Work task
Starting at the line that contains "Greenery and Gold", write out each line exactly through the last one in the material below, and nothing more; omit all pictures.

Input data
######
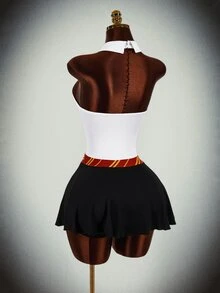 Bumpella Halloween Magic Academy Style Cut-Out Waist Umbrella Skirt Cross Strap Backless With Lining Tie Neck Women's Fitted Mini Dress - Black and White - View 10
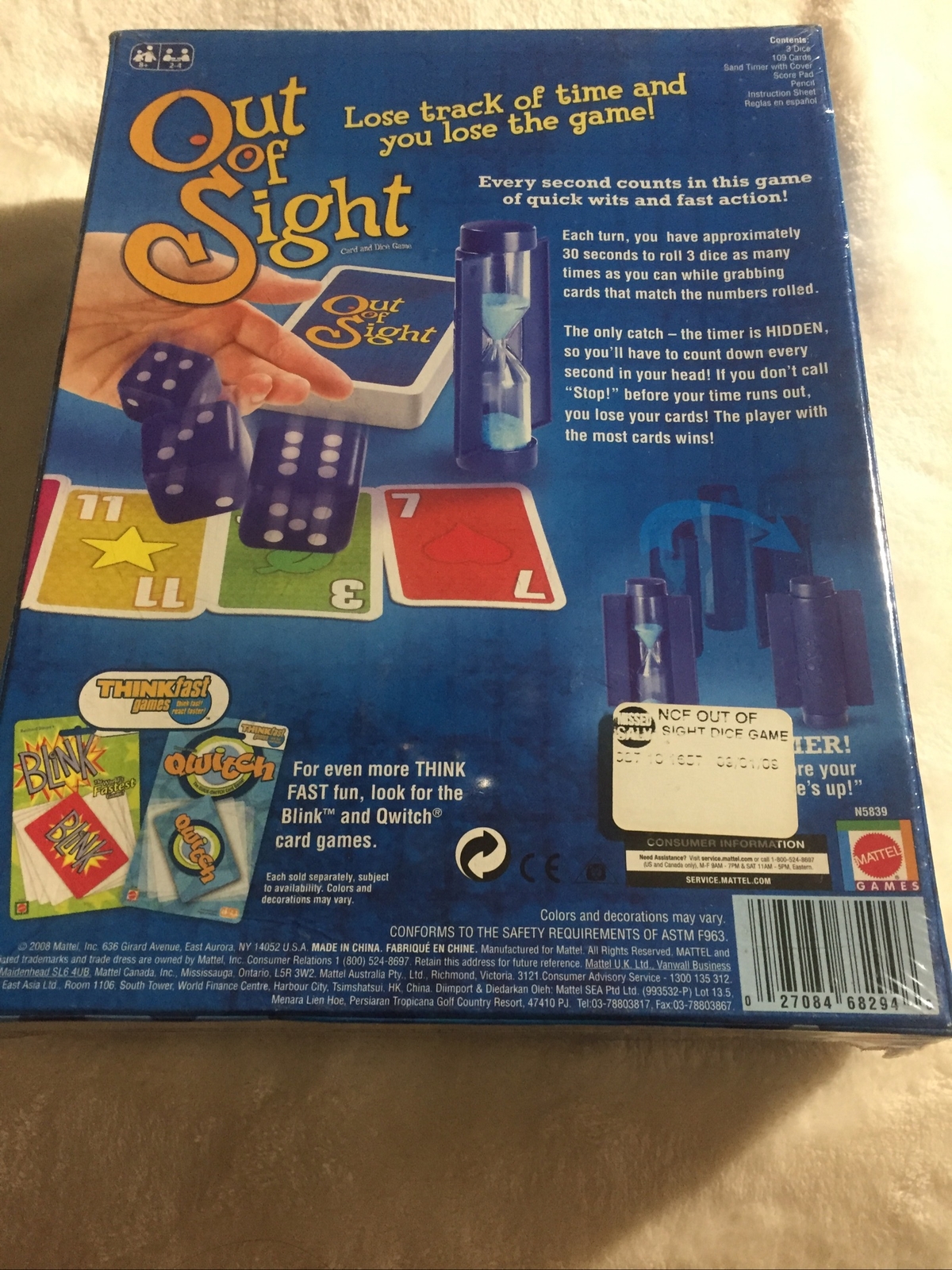 Think Fast Out Of Sight Game Quick Wits Beat The Clock Mattel Games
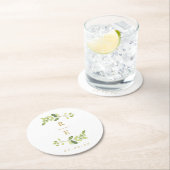 Greenery and Gold Wedding Monogram Runder Pappuntersetzer (Vor Ort)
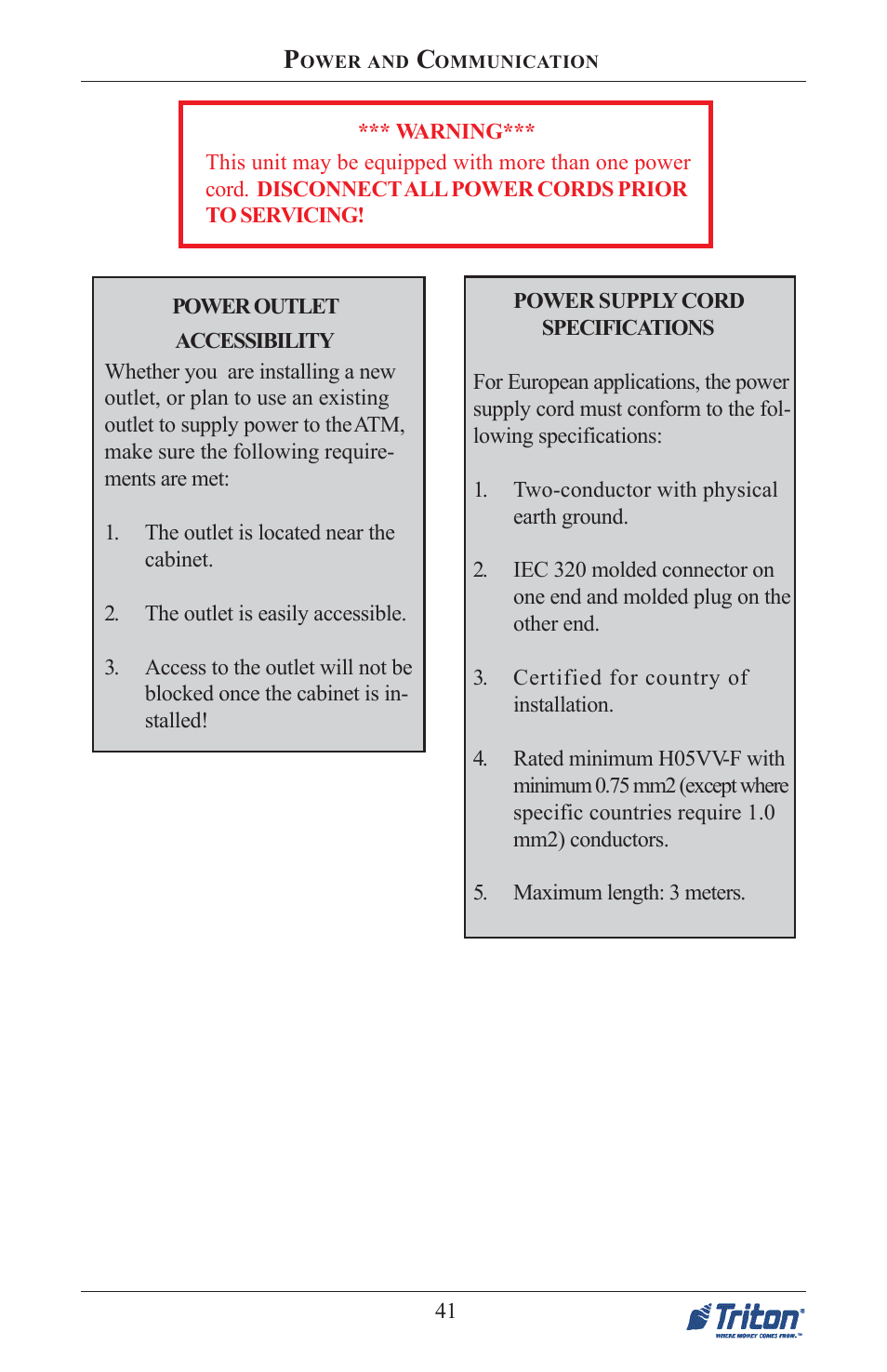 Triton FT5000 PC-BASED ATM Installation Manual User Manual | Page 41 / 48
######
Response
 Greenery and Gold Wedding Monogram Runder Pappuntersetzer (Vor Ort)
 Triton FT5000 PC-BASED ATM Installation Manual User Manual | Page 41 / 48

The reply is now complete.